Transcribe exactly the lines from the one containing "SEC 410 Course" through the end of the data, both included. Leave out pictures.

Available records: Begin

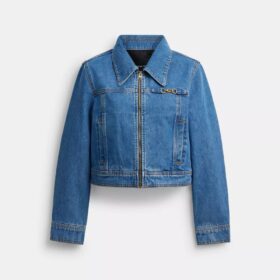 Sculpted C-jakke i krympet denim av økologisk bomull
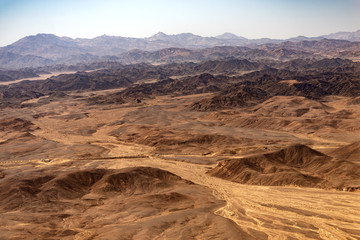 Fototapeta na wymiar Aerial view of the Sahara desert between the river Nile and the Red Sea. Egypt, Africa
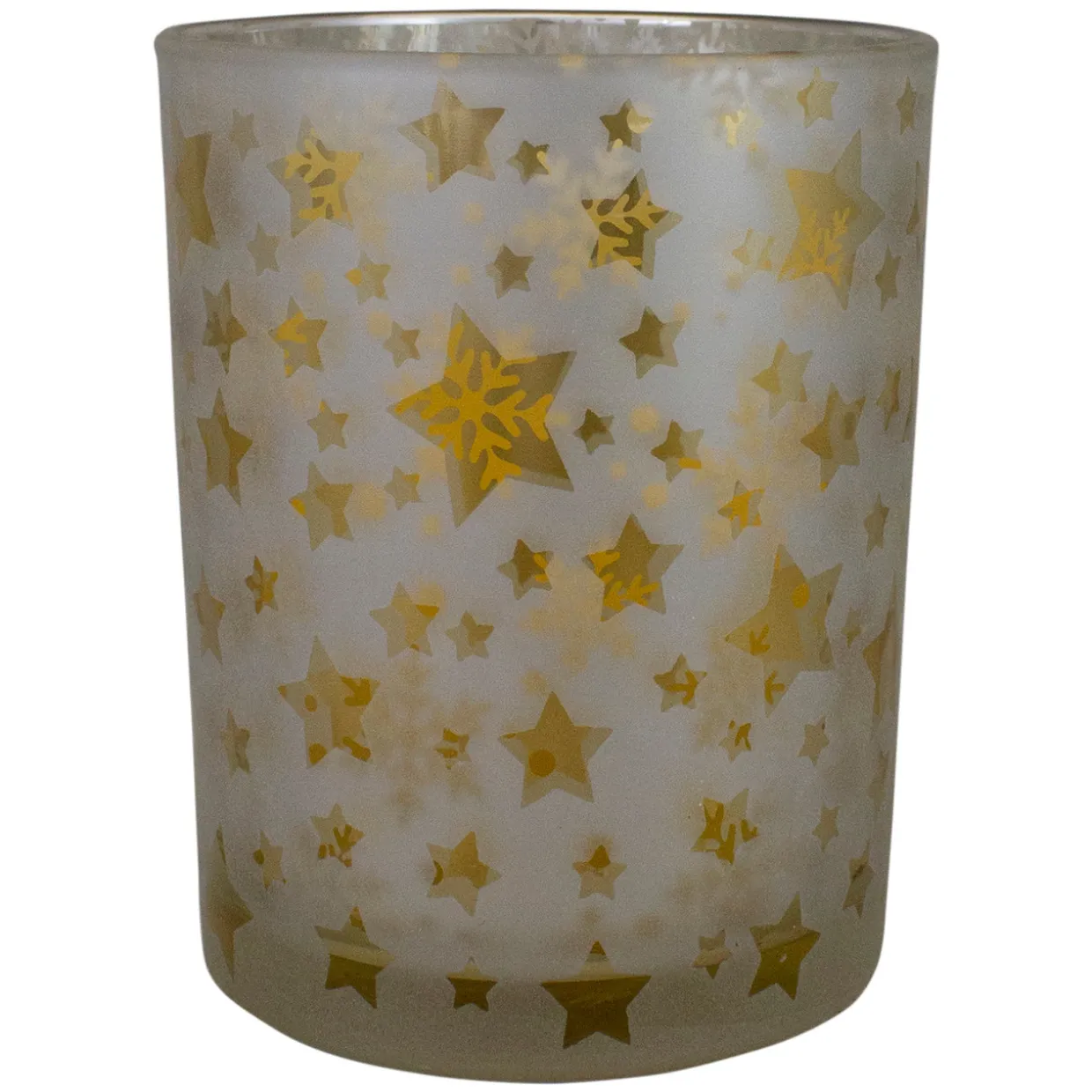 5" Matte Silver and Gold Stars and Snowflakes Flameless Glass Candle Holder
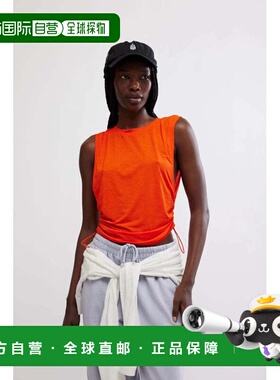 自营free peopleFree peops Sport Mode顶级女士橙色弹力Ruched短
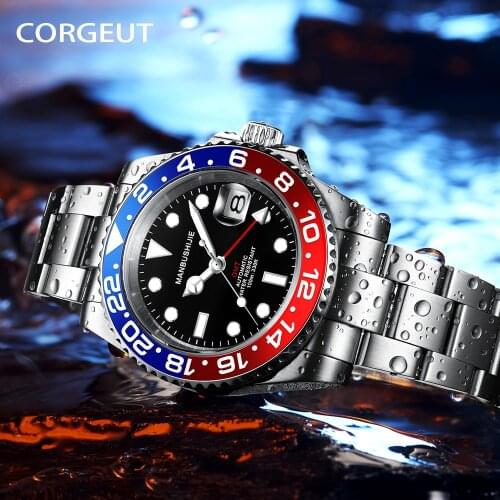 CORGEUT Diver Mens GMT Watch 316L Steel Bands Mechanical Watch Sapphire Automatic Military Calendar Clock Waterproof Herrenuhr
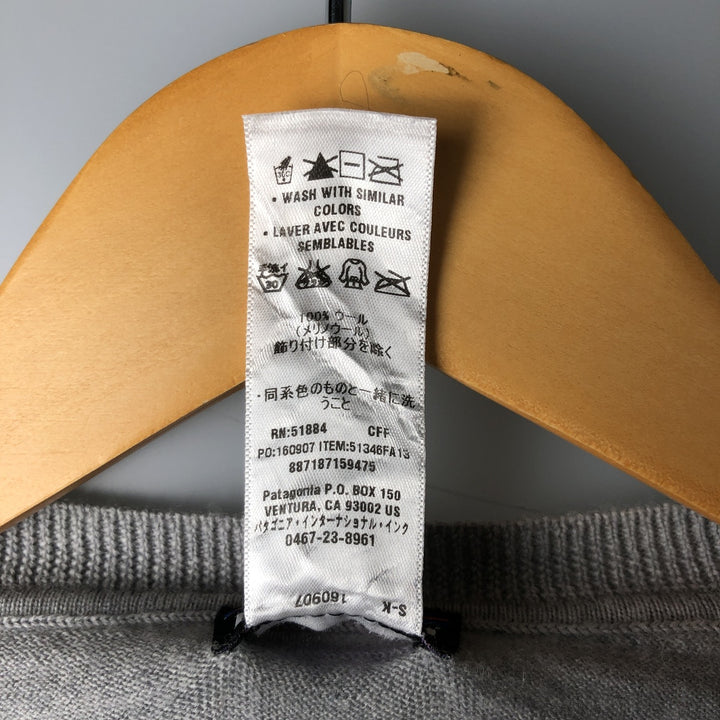 Patagonia 51346FA13 Striped Merino Wool Knit Sweater, Women's, Size L Merino wool gray type Vintage Second Hand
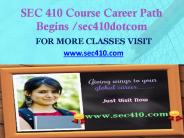 SEC 410 Course Career Path Begins sec410dotcom
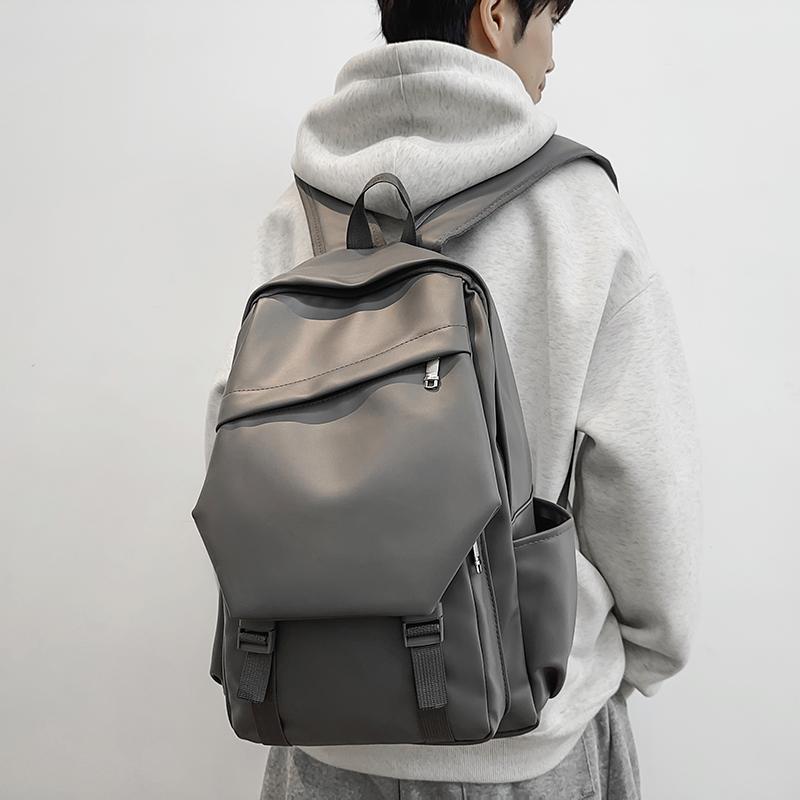 Men's Large Capacity PU Backpack Student Schoolbag Sports Computer Bag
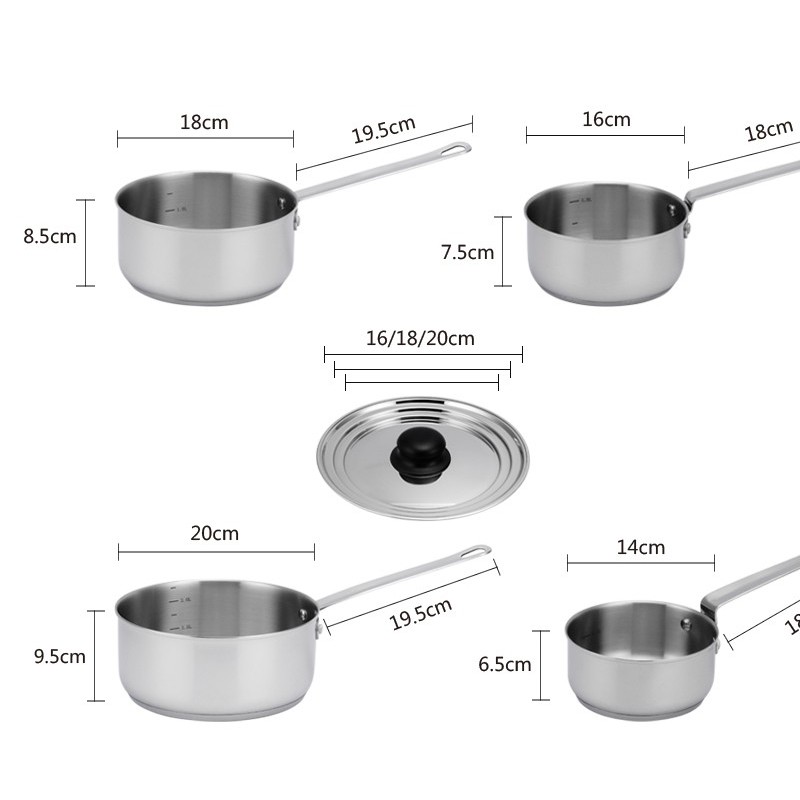 SA118115 Stainless steel cookware set with multi size SS lid图4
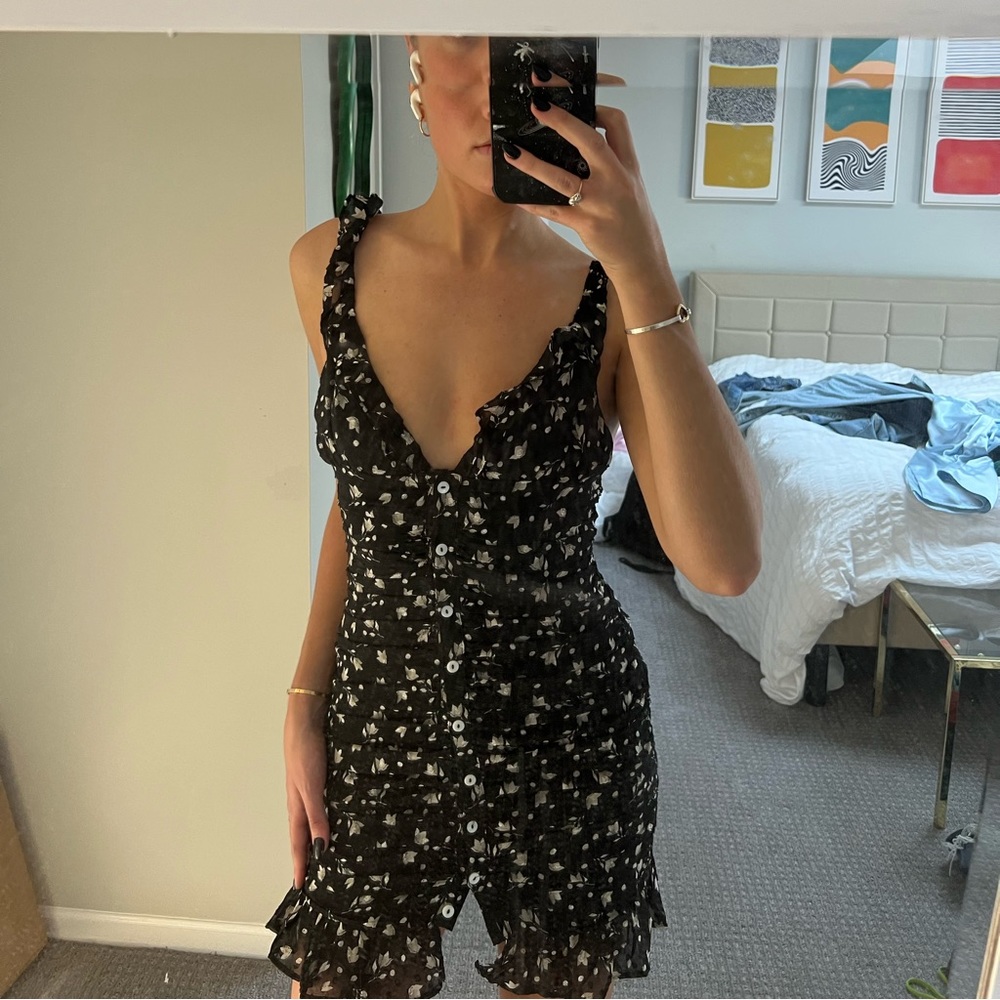 storia black floral sundress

Available records: End

Solution to the problem:
 SEC 410 Course Career Path Begins sec410dotcom
 Men's Large Capacity PU Backpack Student Schoolbag Sports Computer Bag
 SA118115 Stainless steel cookware set with multi size SS lid图4
 storia black floral sundress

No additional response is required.